The case, Dionne v. Commission scolaire des Patriotes, involves a substitute teacher, Marilyne Dionne, who was at the early stages of her pregnancy when she signed an employment contract for a few days of work with the respondent, a school board.
Prior to signing the contract, Dionne was diagnosed with a condition that prevented her from entering a classroom. (Her fetus was vulnerable to an otherwise harmless virus that was prevalent in schools.) She then received a letter from the province’s health and safety commission (the Commission de la santé et de la securité du travail) informing her that she was entitled to receive maternity leave benefits due to her condition.
The school board challenged the decision, arguing that Dionne’s inability to enter a classroom negated the contract.
Three separate rulings at the province’s workplace safety tribunal, the Quebec Superior Court, and the Quebec Court of Appeal supported the school board’s argument that Dionne’s inability to fulfil her contractual duties from the outset rendered the contract null and void and that she therefore had no working relationship with the school board and no entitlement to benefits.
The Supreme Court’s decision stands in stark contrast to these decisions. “A contract was formed when D accepted the School Board’s offer to supply teach and therefore became a ‘worker’ in accordance with the definition in the Act. The legislated right of a pregnant worker to withdraw from an unsafe workplace cannot be used to conclude that her Preventive Withdrawal negates the formation of the contract of employment. D’s pregnancy was not an incapacity that prevented her from performing the work, it was the dangerous workplace that prevented it.”
Where the lower courts ruled on whether a contract had been formed, the top court took a much broader approach as it ruled the onus for providing a safe workplace falls on the employer, even in circumstances where the complications of pregnancy prevent a worker from performing her basic duties. In other words, Dionne was within her rights to expect her employer to accommodate her condition. If it couldn’t, she was entitled to “preventive withdrawal” benefits.
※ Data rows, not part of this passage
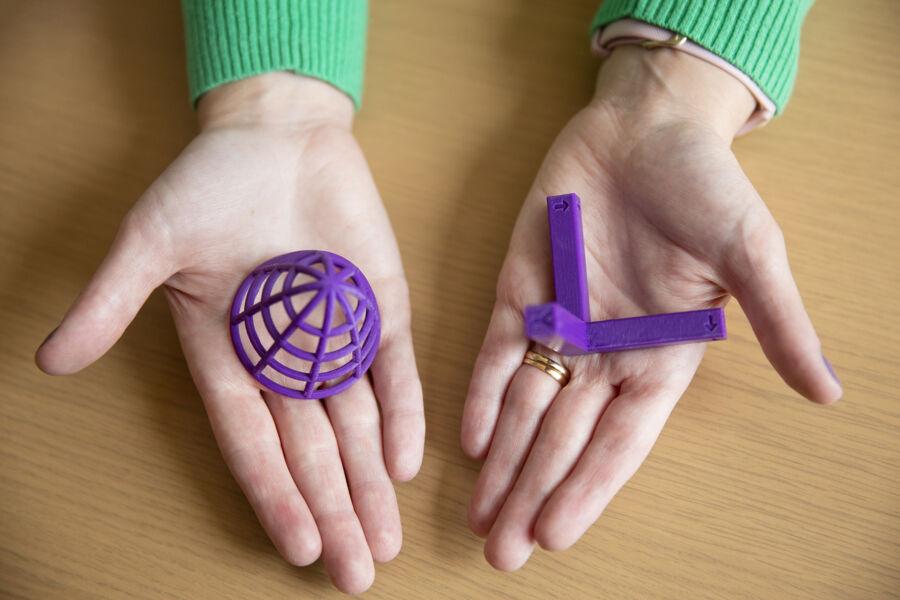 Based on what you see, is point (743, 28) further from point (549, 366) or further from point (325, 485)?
point (325, 485)

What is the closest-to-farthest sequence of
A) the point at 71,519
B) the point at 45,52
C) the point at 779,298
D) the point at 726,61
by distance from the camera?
the point at 779,298, the point at 71,519, the point at 726,61, the point at 45,52

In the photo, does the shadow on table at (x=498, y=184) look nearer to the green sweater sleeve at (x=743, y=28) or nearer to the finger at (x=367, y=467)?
the finger at (x=367, y=467)

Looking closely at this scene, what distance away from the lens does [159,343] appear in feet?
3.33

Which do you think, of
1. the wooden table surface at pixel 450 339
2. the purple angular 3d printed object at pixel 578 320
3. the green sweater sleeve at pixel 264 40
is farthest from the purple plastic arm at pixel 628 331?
the green sweater sleeve at pixel 264 40

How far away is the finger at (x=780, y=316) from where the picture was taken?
79 cm

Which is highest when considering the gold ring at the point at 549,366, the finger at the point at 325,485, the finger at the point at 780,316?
the finger at the point at 780,316

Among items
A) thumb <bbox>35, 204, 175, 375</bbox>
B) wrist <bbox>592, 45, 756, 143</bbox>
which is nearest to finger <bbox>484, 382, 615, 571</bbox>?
wrist <bbox>592, 45, 756, 143</bbox>

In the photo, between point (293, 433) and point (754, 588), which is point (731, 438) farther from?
point (293, 433)

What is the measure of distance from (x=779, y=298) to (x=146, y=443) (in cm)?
75

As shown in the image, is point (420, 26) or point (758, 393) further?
point (420, 26)

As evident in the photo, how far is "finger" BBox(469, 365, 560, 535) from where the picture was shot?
2.89ft

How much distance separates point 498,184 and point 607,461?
1.44ft

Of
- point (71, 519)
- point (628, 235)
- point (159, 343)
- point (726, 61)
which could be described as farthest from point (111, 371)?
point (726, 61)

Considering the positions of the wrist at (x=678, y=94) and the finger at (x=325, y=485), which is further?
the wrist at (x=678, y=94) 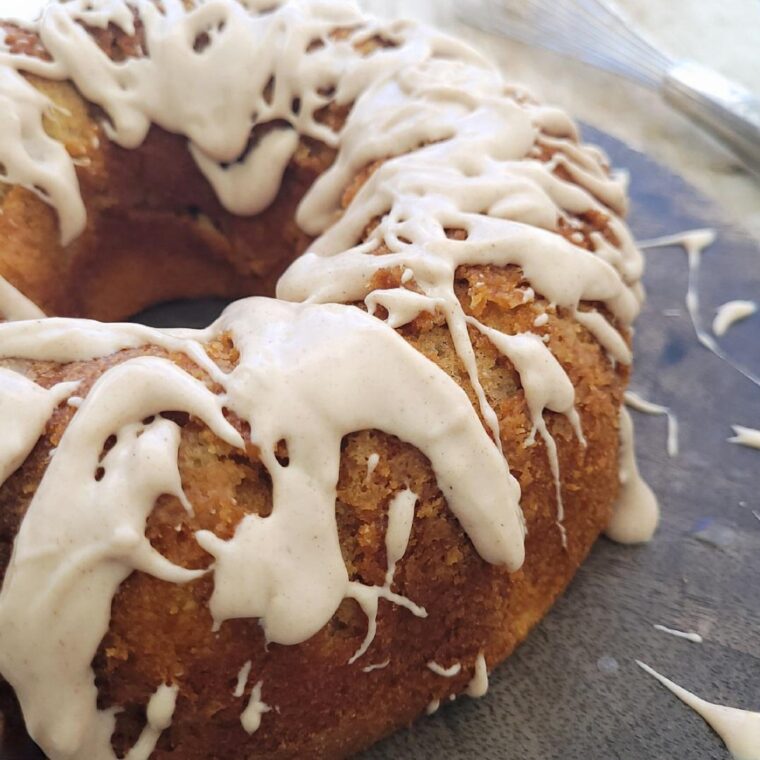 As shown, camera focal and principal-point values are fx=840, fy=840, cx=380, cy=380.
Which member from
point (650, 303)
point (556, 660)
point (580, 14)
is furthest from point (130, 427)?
point (580, 14)

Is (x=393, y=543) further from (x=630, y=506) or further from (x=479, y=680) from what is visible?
(x=630, y=506)

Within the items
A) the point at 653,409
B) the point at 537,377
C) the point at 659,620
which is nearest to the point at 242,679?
the point at 537,377

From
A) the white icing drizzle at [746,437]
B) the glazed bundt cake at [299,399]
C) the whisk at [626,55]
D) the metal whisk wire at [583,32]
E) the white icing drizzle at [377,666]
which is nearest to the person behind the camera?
the glazed bundt cake at [299,399]

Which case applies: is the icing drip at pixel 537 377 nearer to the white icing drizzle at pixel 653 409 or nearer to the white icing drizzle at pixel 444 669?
the white icing drizzle at pixel 444 669

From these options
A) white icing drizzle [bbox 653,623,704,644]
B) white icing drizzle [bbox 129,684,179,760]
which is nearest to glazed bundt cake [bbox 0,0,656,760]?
white icing drizzle [bbox 129,684,179,760]

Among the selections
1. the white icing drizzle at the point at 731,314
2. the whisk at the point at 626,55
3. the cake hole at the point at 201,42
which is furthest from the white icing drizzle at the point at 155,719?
the whisk at the point at 626,55

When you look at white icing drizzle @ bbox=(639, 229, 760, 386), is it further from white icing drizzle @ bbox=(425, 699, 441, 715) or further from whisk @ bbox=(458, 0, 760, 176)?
white icing drizzle @ bbox=(425, 699, 441, 715)

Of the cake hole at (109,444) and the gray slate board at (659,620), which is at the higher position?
the cake hole at (109,444) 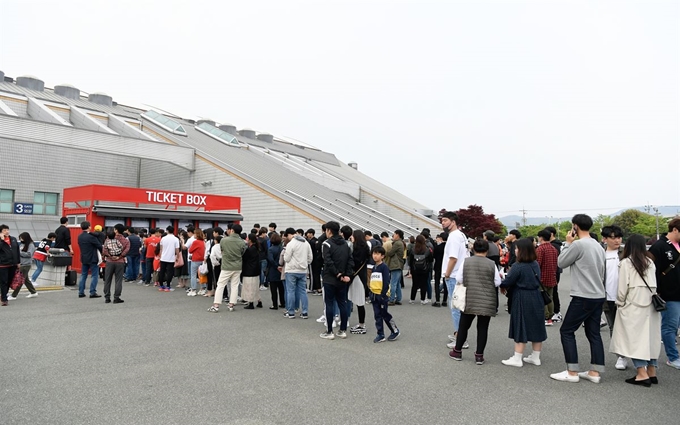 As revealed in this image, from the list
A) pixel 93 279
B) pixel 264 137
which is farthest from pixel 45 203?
pixel 264 137

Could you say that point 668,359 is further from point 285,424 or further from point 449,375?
point 285,424

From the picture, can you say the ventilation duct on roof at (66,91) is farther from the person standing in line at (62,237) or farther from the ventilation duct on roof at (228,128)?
the person standing in line at (62,237)

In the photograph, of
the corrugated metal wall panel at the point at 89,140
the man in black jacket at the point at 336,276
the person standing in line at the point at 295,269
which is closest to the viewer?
the man in black jacket at the point at 336,276

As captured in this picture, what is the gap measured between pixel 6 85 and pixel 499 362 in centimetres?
3907

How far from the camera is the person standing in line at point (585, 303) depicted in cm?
479

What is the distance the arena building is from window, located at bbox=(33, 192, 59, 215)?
5 cm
Pierre Brun, a litigator at Melançon Marceau Grenier et Sciortino, represented Dionne before the Supreme Court. He’s thrilled, and a little surprised, at the decision: “I wouldn’t say it was a long shot, but as you might have noticed, we lost all the way up to the Supreme Court. It’s the last victory that counts, I suppose.”
Brun says that, unlike the lower courts, the Supreme Court took an expansive approach that took into account the purpose of the province’s occupational health and safety legislation and underlying aspects of discrimination.
In Quebec, he says, workplace and safety laws allow workers, including contract workers, to withdraw from a workplace, with benefits, if it’s dangerous and no safe alternative work can be found.
“This law is designed to provide some kind of financial security to workers when they have to withdraw from a workplace,” says Brun. “In doing so, the burden is not on the workers; it’s on the employer to provide a safe work environment.
“That’s even more true regarding pregnant women where the court said it doesn’t make sense to put the burden on the pregnant woman and to make her choose between her own safety and the safety of the child to be born and the environment of the workplace.”
Yann Bernard at Langlois Kronstrom Desjardins, who represented the school board, was also surprised by the ruling, which he says ignores the strong indications that Dionne entered into a contract knowing she had no way of fulfilling its terms.
“She had no intention to fulfil the contract. What the Supreme Court says is, ‘Look, for the specific purposes of getting an indemnity from the CSST, that doesn’t matter. She had no intention to perform her duties under the contract, but it’s part of the deal.’ It was something surprising to us and something that all the other courts did not buy, but the Supreme Court did.”
Bernard also points out that, as a contract worker, Dionne — unlike teachers on salary — had no obligation to the school board. If the environment was dangerous to her and her fetus, she could easily have sought work elsewhere.
While it’s yet to be determined how the province’s health and safety commission will calculate maternity leave benefits for contract workers in these circumstances, the Supreme Court’s ruling could have significant ramifications for Quebec-based employers, says Bernard. “If it means that as soon as we offer something to the person, the person has that kind of relationship with the employer until the end of the pregnancy. The cost may be very important for the whole province, not only in school boards but in other contexts, too.”